11 Kasım 2012 Pazar

Kürk Mantolu Madonna


Orjınal Kürk Mantolu Madonna bu tabloymuş. Utanarak söylüyorum ki kitabı ilk defa bugün okumak için elime aldım ve bugüne kadar okumadığım için pişman oldum. 60 sayfa kaldı bitirince bi analizini yazarım.
Edit: Kitap bitti ama kendime gelebilmiş değilim. Toparlamadan da aklı başında bir şeyler yazabileceğimi düşünmüyorum. Zaten böyle mükemmel bir esere analiz yapmak haddime değil.

Bak dayanamadım yazmaya başladım yine. Aslında kitabın başında belli idi Raif Beyin bir hikayesi olduğu, o sakin bedenin altında fırtınalar estiği.
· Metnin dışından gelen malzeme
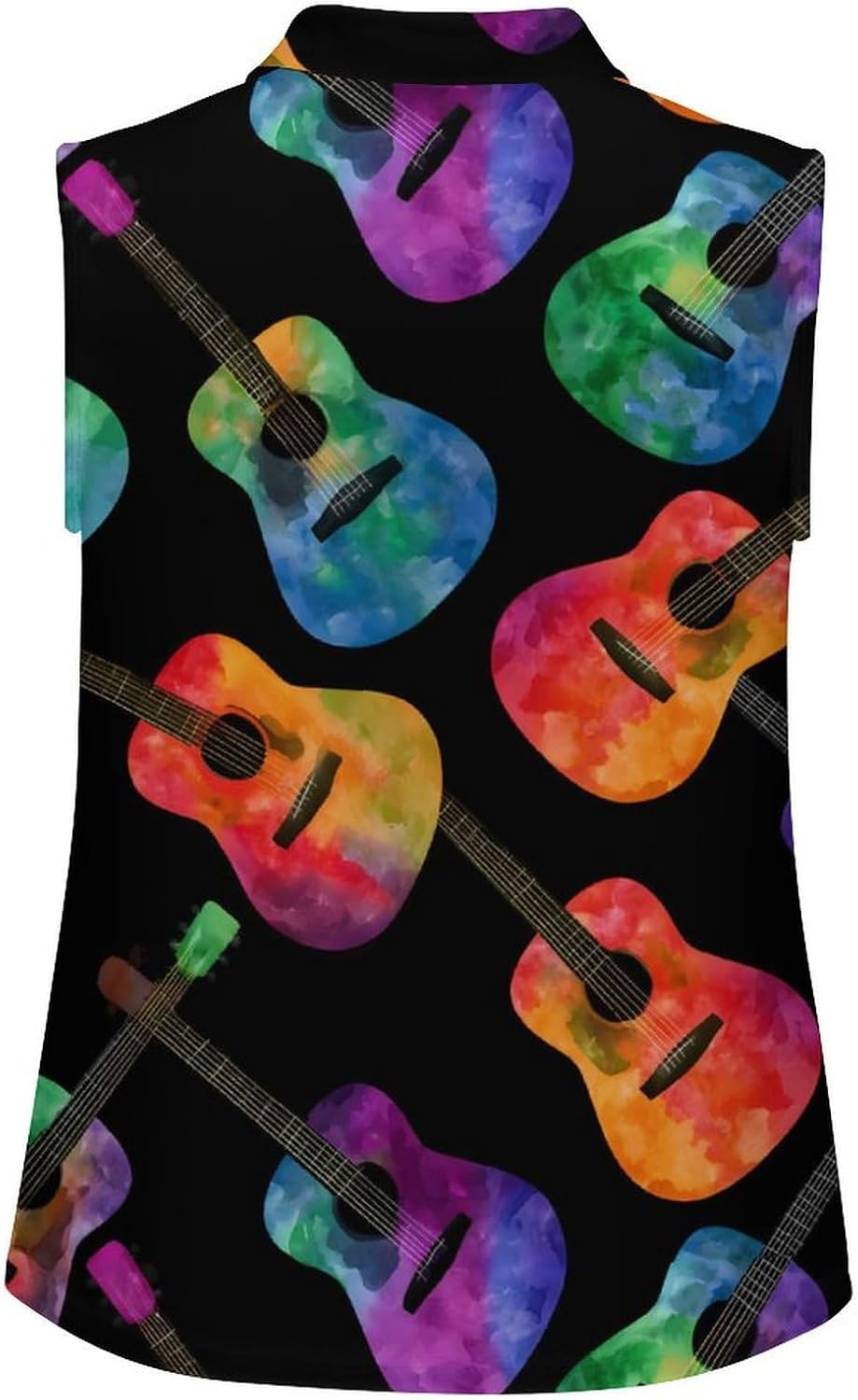 Rainbow Guitar Women Sleeveless Collared Golf Polo Shirt | V Neck Tank Top,Breathable Tennis Shirts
Ve şaşırtmadı kitap hikayesini anlatmaya başladı ama ne hikaye... Sonu başından belli olan ama sonuna kadar da bir umut okutan; ve en sonda da en başından beri bekledğimiz bildiğimiz hazin sonu anlatan ancak buna rağmen bizi ağlatmayı başaran hikaye...
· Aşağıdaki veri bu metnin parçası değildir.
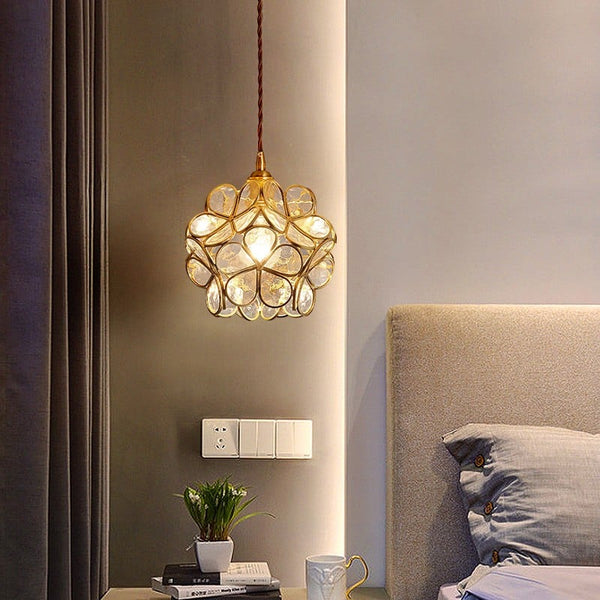 Virelo | Glass Pendant Light – Flower Shade, Vintage Brass Frame 3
Normalde uzun betimlemelerden hoşlanmayan ben bile o kadar severek okudum ki Sabahattin Ali'nin Berlin ve Maria tasvirlerini. Keşke daha uzun daha detaylı anlatsa daha güzel gözümde canlandırsam diye içimden geçirdim. Karakterlerin ruh hali çözümlemeleri o kadar başarılı ki okuyanı da o ruh haline sokmakta hiç zorluk çekmiyor. Ve hepsinden önemlisi bütün bunları çok kadar sade bir dille yapıyor ve kitap akıp gidiyor. Hiç farkına varmadan kendini kah Berlin'de bir pansiyonda kah Ankara'da bir evde buluveriyorsun. Ayrıca eğer aforizma merakınız varsa, kitapların altını çize çize okumaktan hoşlanıyorsanız sizin için mükemmel bir eser Kürk Mantolu Madonna. Aşkın, yalnızlığın, umutsuzluğun, hatta mutluluğun o kadar güzel tanımlamaları ve tasvirleri var ki bütün bu kavramların anlamları kafanızda yeniden biçimleniyor.
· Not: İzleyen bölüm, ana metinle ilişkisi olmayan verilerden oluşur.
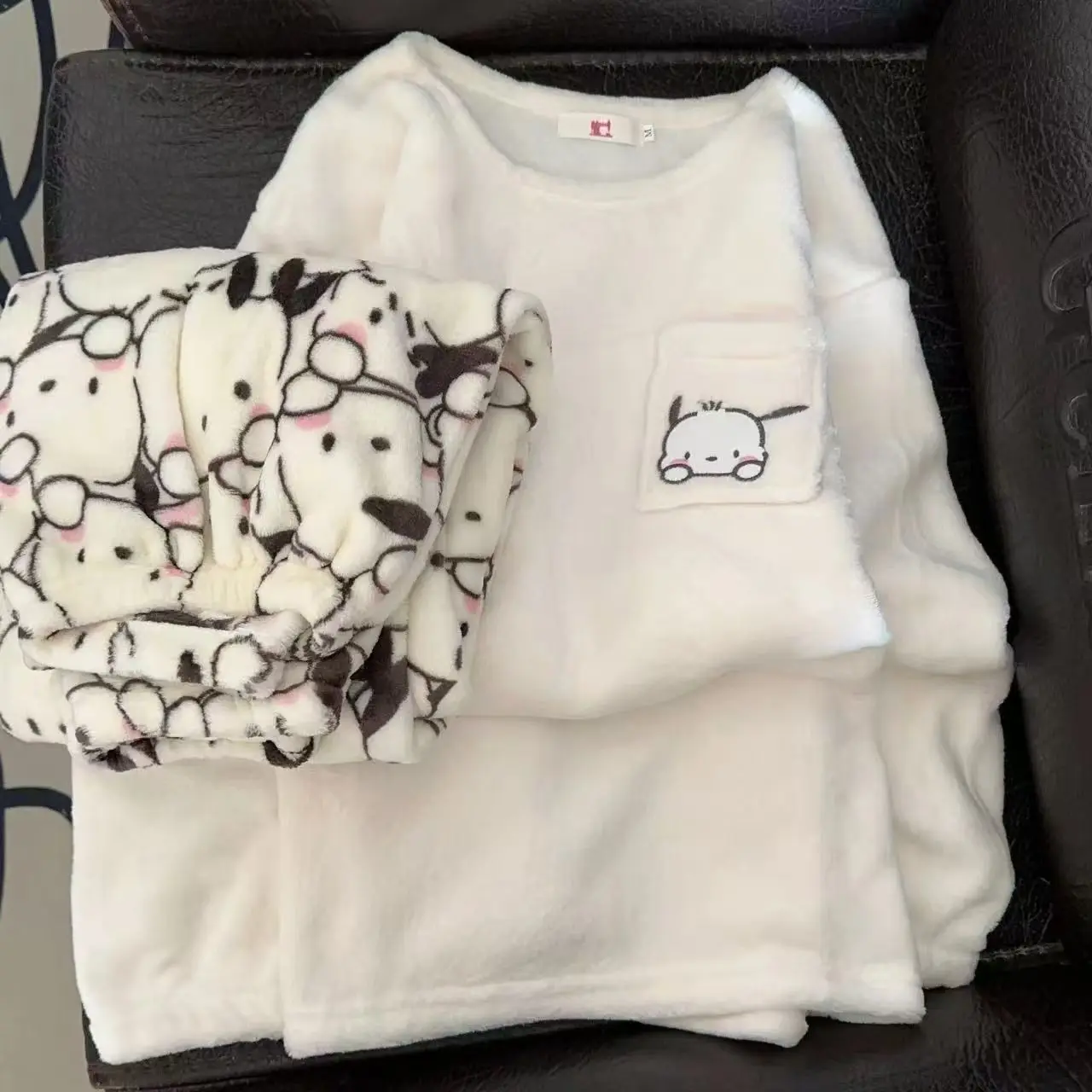 Kawaii 2 قطعة مجموعة بيجامة المرأة طالب الفتيات موضة الجولة الرقبة طباعة البلوز السراويل السببية فضفاض الكرتون منامة أنيمي Homewear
Hayat ancak bir kere oynanan bir kumardır ve ben onu kaybettim diyen ancak bu oynadığı kumardan asla pişman olmayan adamın hikayesi. Okumayan var ise bulun okuyun, eşinize dostunuza okutun bu olamamış hayatların macerasını.

2 yorum:

Sereneva dedi ki...

Kitabı okuduğumda tıpkı senin gibi ben de kendime gelememiştim. Oldukça etkileyici bir kitap. Sıradan bir memurun bu denli güzel bir hayatının olduğunu tahmin bile edemezken bir de bakıyorsun adamın hayatı alt üst olmuş. Adamın yerinde olsam o kadar seneyi sus pus geçireceğime küçük bir şişe zehir içip her şeyi geride bırakırdım. Aşkı onu bu denli hayata bağlamışken, böyle bir ayrılıkla bir insan nasıl yaşar aşksız? (P.S Çok spoiler verdim sanırım okumayanlar için; ama kendime hakim olamıyorum bu kitaptan bahsedildiğinde. )

altinisikmurat dedi ki...

Teşekkür ederim yazıma yer verdiğiniz için. Güzel bir yazı olmuş ellerinize sağlık.